>>>>>

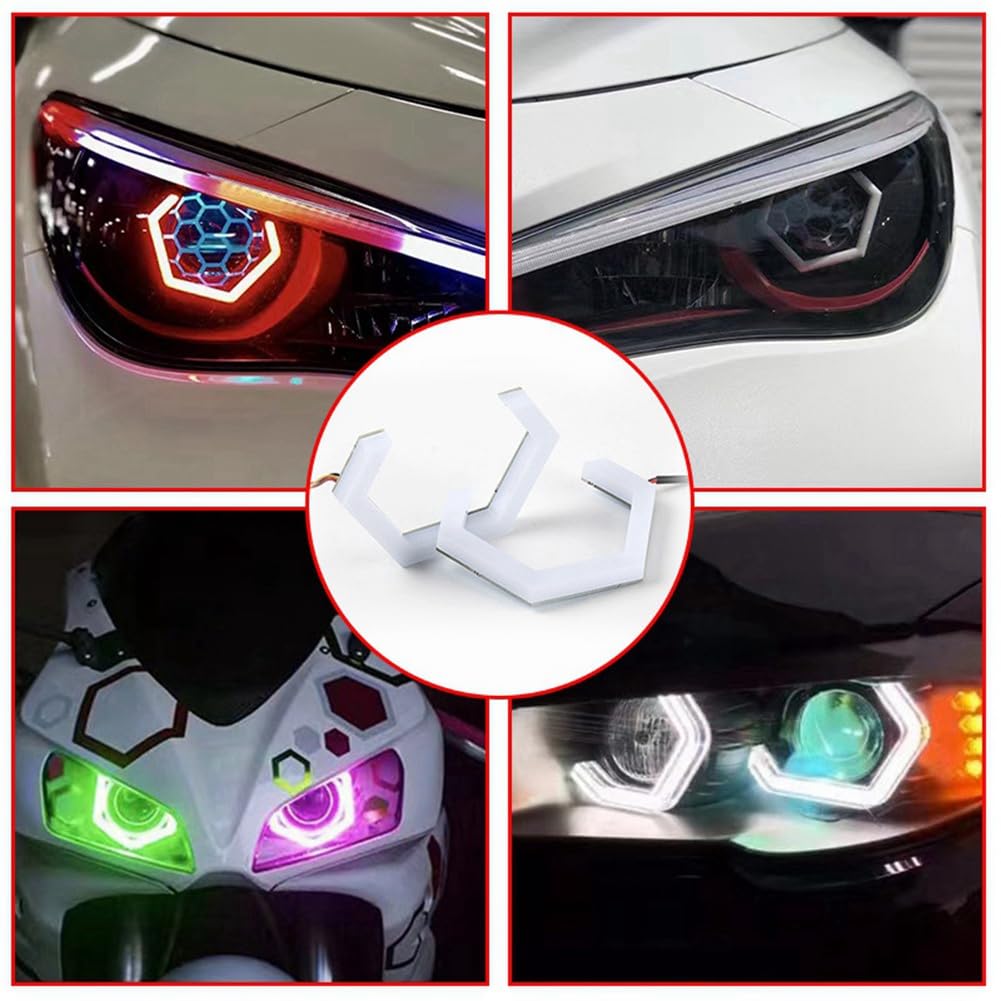 Osmond 2 Pezzi RGB Angel Eyes Rings Indicatori di Direzione Bluetooth App Controllo Auto UTV Moto DRL Luce Decorativa 70 mm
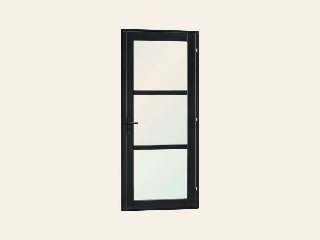 Vuren steellook enkele glas deur zwart gespoten B1100xH2120 mm buitenmaat, rechtsdraaiend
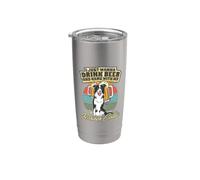 Voglio solo bere birra con il mio Border Collie Bicchiere termico in acciaio inox doppia parete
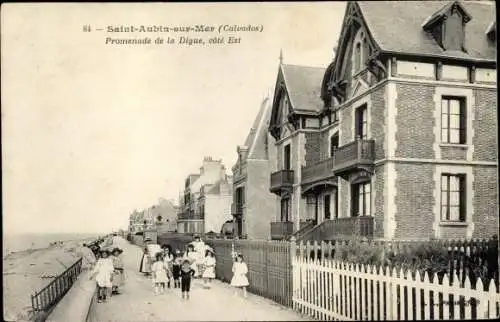 Ak Saint Aubin sur Mer Calvados, Promenade de la Digue et les Villas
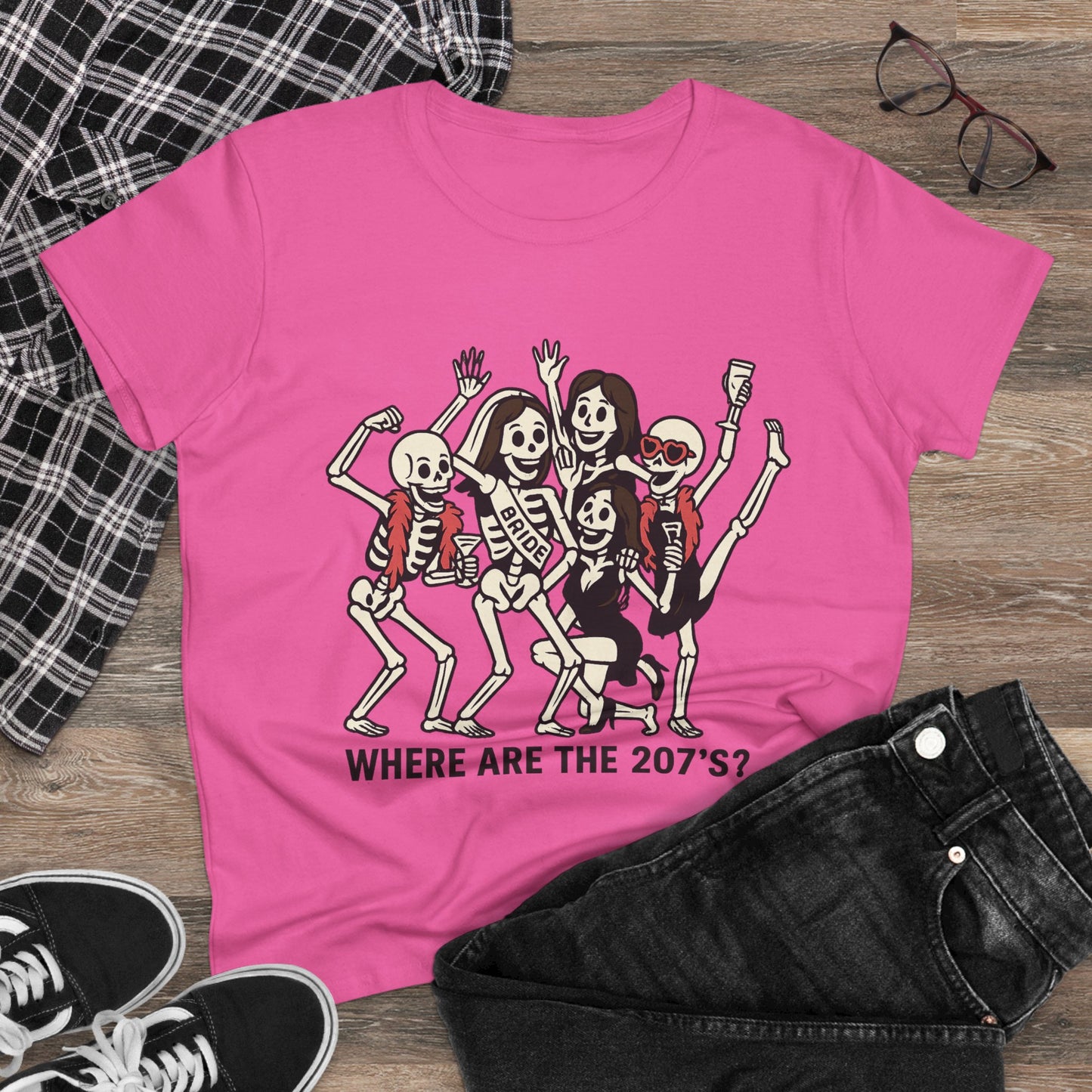 Skeleton Party Women's Tee - Spooky Fun T-Shirt for Halloween, Casual Wear, Gift for Friends, Party Outfit, 207'S Theme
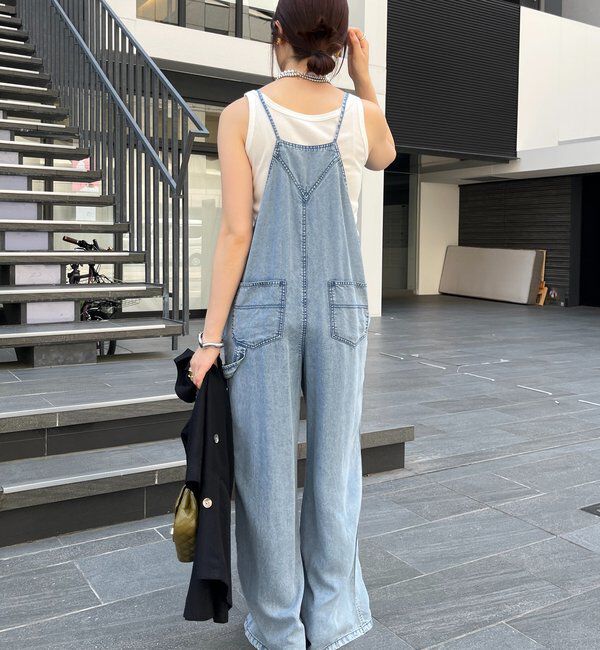  「【新色追加】リヨセルデニムオールインワン」|ワンピース|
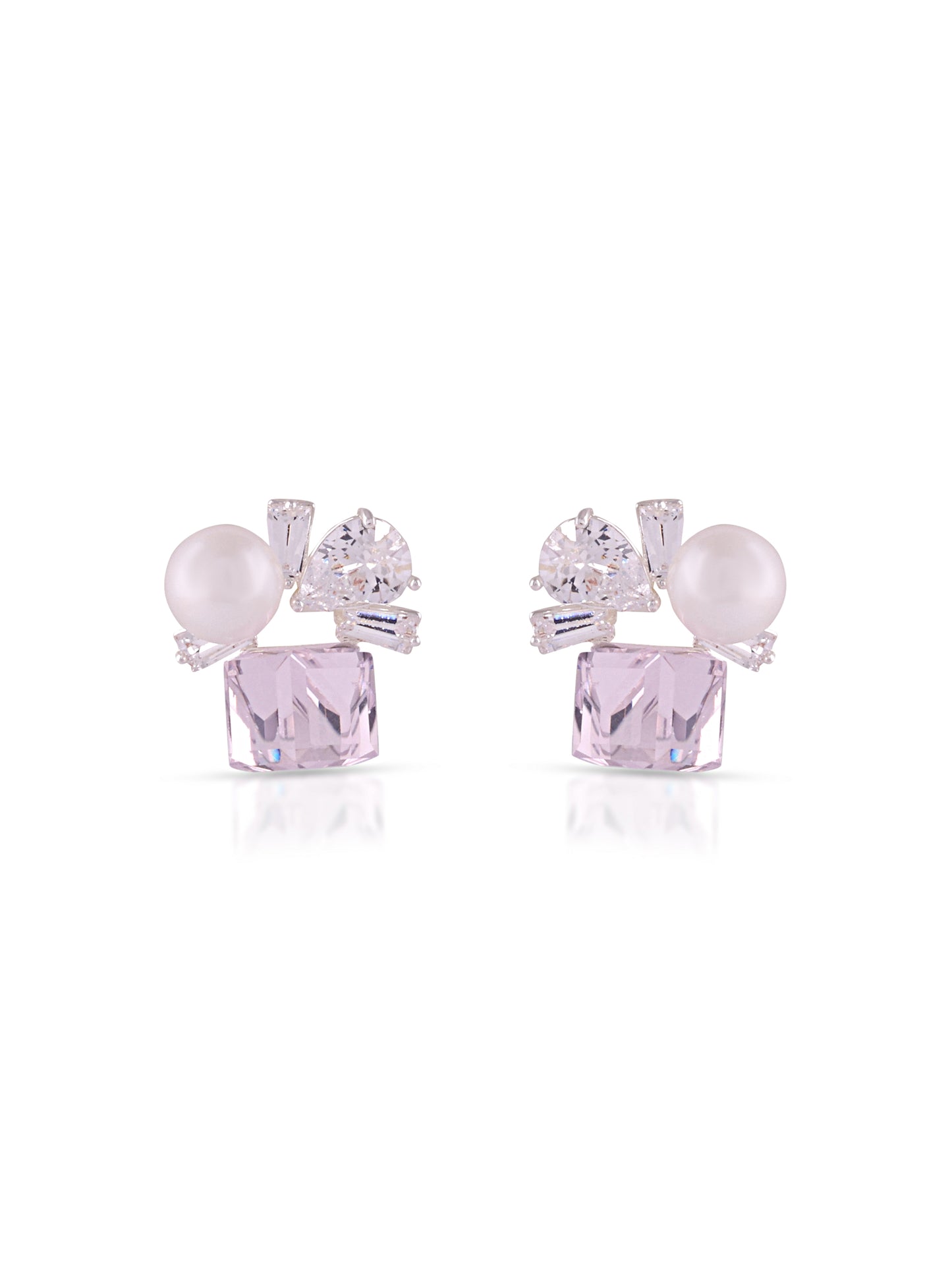 Pink Crystal Pearl Earrings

<<<<<

After locating the line containing "Vuren steellook enkele" in the entries above, repeat only it and each later line through the end, exactly, without any pictures.

[Worked solution]
 Vuren steellook enkele glas deur zwart gespoten B1100xH2120 mm buitenmaat, rechtsdraaiend
 Voglio solo bere birra con il mio Border Collie Bicchiere termico in acciaio inox doppia parete
 Ak Saint Aubin sur Mer Calvados, Promenade de la Digue et les Villas
 Skeleton Party Women's Tee - Spooky Fun T-Shirt for Halloween, Casual Wear, Gift for Friends, Party Outfit, 207'S Theme
  「【新色追加】リヨセルデニムオールインワン」|ワンピース|
 Pink Crystal Pearl Earrings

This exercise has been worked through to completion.